THE PROBLEM:
One part of the entries below is wanted: the lines from the one containing "17 North Cape" through the one containing "Photographie d'Ignace et". Write those out exactly and nothing else.

· · · ·

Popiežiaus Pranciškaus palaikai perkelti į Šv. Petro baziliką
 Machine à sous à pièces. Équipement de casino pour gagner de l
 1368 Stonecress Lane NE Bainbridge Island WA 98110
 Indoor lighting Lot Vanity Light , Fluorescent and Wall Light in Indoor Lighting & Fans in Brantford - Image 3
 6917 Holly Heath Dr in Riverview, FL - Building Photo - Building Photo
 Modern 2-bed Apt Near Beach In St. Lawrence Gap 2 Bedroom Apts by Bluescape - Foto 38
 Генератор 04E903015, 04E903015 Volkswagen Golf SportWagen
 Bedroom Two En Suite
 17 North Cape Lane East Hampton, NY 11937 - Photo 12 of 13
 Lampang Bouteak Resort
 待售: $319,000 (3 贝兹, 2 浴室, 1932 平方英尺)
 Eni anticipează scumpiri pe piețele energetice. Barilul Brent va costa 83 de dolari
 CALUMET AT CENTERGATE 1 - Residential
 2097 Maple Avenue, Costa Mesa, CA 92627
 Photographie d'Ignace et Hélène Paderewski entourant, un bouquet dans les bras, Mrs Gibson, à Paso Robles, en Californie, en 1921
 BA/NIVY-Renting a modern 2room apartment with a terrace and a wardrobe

· · · ·

ANSWER TO THE EXERCISE:
 17 North Cape Lane East Hampton, NY 11937 - Photo 12 of 13
 Lampang Bouteak Resort
 待售: $319,000 (3 贝兹, 2 浴室, 1932 平方英尺)
 Eni anticipează scumpiri pe piețele energetice. Barilul Brent va costa 83 de dolari
 CALUMET AT CENTERGATE 1 - Residential
 2097 Maple Avenue, Costa Mesa, CA 92627
 Photographie d'Ignace et Hélène Paderewski entourant, un bouquet dans les bras, Mrs Gibson, à Paso Robles, en Californie, en 1921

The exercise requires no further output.